Pay attention. While you may not be an early adopter like an Amazon or a DHL, you can’t afford to ignore trends in the industry that are streamlining operations and improving service levels.
Don’t assume your business is too small to benefit. As these and other technologies continue to advance, their prices will continue to come down, and new start-ups are coming to market every day. If an intriguing solution is too cost-prohibitive, it may be possible to partner with a third-party provider to test the tech waters.
Stay open to opportunities. Maybe AI is still too futuristic for your business, but if you experience peak season spikes, leasing a handful robots to help handle the increased volumes may be a good option. This is especially true if your distribution operation is in a market impacted by lack of available labor.
That said, keep people in the equation.
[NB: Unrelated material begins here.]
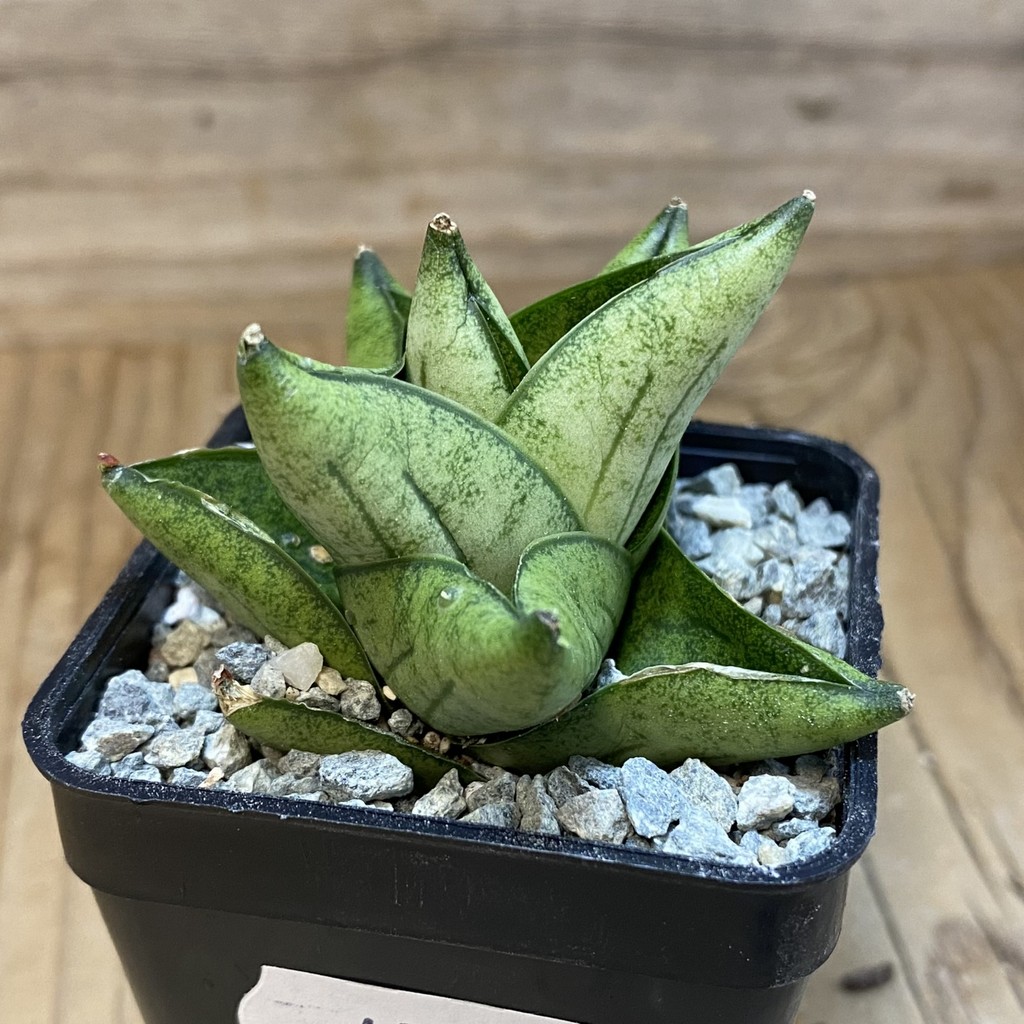 SH40090 Sansevieria ‘Durian’ - Image 2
Most of the technologies coming to market are not meant to replace human workers entirely, but to work alongside them to improve accuracy, efficiency and productivity. Some solutions are designed to handle the “boring” stuff – time-consuming and labor-intensive activities like moving pallets, for example, which can free up staff to handle activities more important to your bottom line, like order fulfillment.
Get an unbiased assessment. Whether it’s a bleeding edge AI or a best practice goods-to-person solution, can your business really benefit from a new technology? Commissioning an independent assessment of your operations can better inform your investment decisions.
Supply chain is certain to look substantially different a decade from now. If your business doesn’t keep pace, then who knows if you’ll still be in business?